Control Strategy




The term “control strategy” was coined by the International Conference on Harmonisation (ICH) guidances with the end objective of assuring process performance and product quality.1 A control strategy is composed of a set of controls derived from current product and process understanding that can include parameters, attributes related to drug substance, drug product materials, components, facility and equipment operating conditions, in-process controls, finished product specifications, and the associated methods with frequency of monitoring and control.


Control strategies for drug substance development that focus on the management of impurities generated during its chemical synthesis have been implemented and described in the literature.2 Common to these reports is the inherent challenge offered by the multistep assembly of a drug substance because each step must be developed with the upmost rigor to ensure process performance and product quality.

As a result, multiple control strategies must be put into practice, and an overall control strategy that encompasses the individual strategies from starting materials to drug substance becomes essential. The key elements of a control strategy following a Quality Risk Management approach are provided below:

• Identification of quality attributes (QAs) and critical quality attributes (CQAs) for starting materials, intermediates, and drug substances;

• Establishing acceptance criteria for input materials, reagents, and solvents;

• Determining process parameter criticality and ranges;

• Understanding the fate and purge of impurities; • Defining the in-process controls; and

• Developing specifications.

Development of the control strategy is an iterative process used to ensure quality throughout the lifecycle of a product. If a change in the process is required either in development or continuous improvement, the control strategy should be reevaluated to ensure that the quality of the drug substance is maintained. In general, development of a control strategy begins with identification of drug substance CQAs, determination of the QAs of the corresponding intermediate and starting materials, and a risk assessment of the variables that could impact the quality of the drug substance, e.g., input material attributes and process parameters (critical and noncritical).

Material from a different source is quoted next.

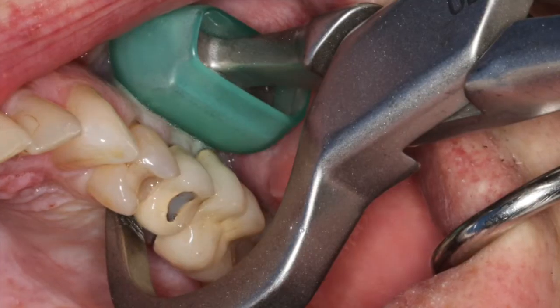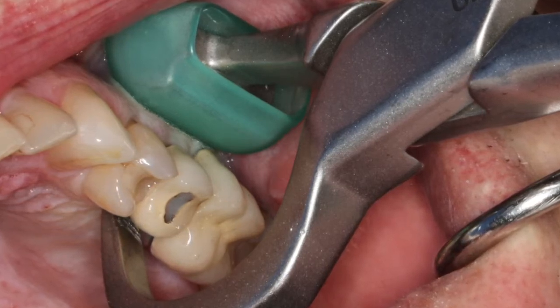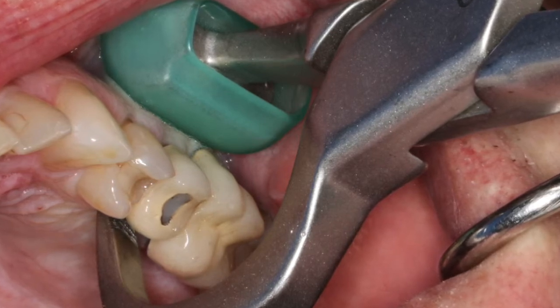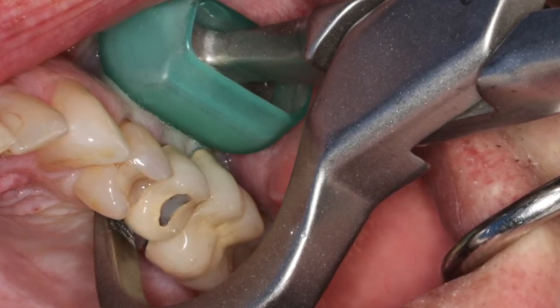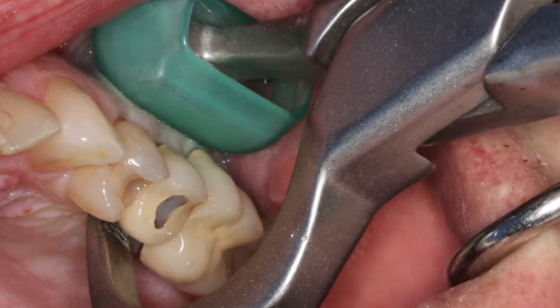The beak is the working end of the instrument and engages the palatal aspect of the root, 1-3 mm subgingival. The bumper is not the working end of the instrument; rather it just serves as a fulcrum to allow us a center of rotation.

These activities rely on an adequate understanding of the overall process and underlying reaction mechanisms and preface experimental studies toward the selection of parameter ranges to ensure consistent quality in concurrence with the quality target product profile (QTPP). The selected ranges can be described by proven acceptable ranges (PARs)3 built upon univariate experimentation or can be presented in terms of a design space that correlates ranges of material attributes with process parameter ranges derived from multivariate experimentation.4 PARs or design space constitute key elements of the control strategy.

Development of a control strategy for the final intermediate during preparation of the asunaprevir drug substance5 is described herein. Designation of the final intermediate as the “quality gate” intermediate6 of the process introduces distinctive challenges that influence the entire strategy. Our approach to control critical impurities is rooted in a detailed understanding of the reaction mechanism as well as the purge capability during workup and crystallization.

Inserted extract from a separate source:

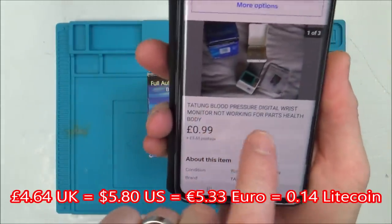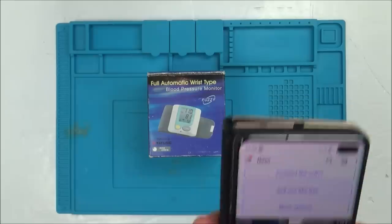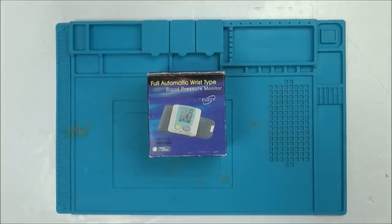It says here that it's not working, for parts only, and then in the description it says the display partially comes on but then the machine does not constrict the arm as it did before. So let's pop some batteries into this and see if that is true.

The discussion begins with an overview of the process, followed by determination of quality attributes and a process risk assessment. Next, the mechanistic studies of the reactions involved in the generation of the final intermediate, consumption of the corresponding input materials, and impurity formation are described. This knowledge enabled the construction of a mechanistic model for guidance in the selection of a design space and helped to identify the parameters that could impact the impurity profile of the active pharmaceutical ingredient (API).

The defined control strategy was developed utilizing the basis of ICH Q8 (R2) together with the principles in ICH Q11. A riskbased approach (ICH Q9) was used to define the CQAs and the process parameters for the step. On the basis of the mechanistic understanding of impurity formation, a kinetic model was defined (ICH Q10) and used to guide development of the design space. This led to a robust and cost-effective final intermediate process that ensures drug substance quality.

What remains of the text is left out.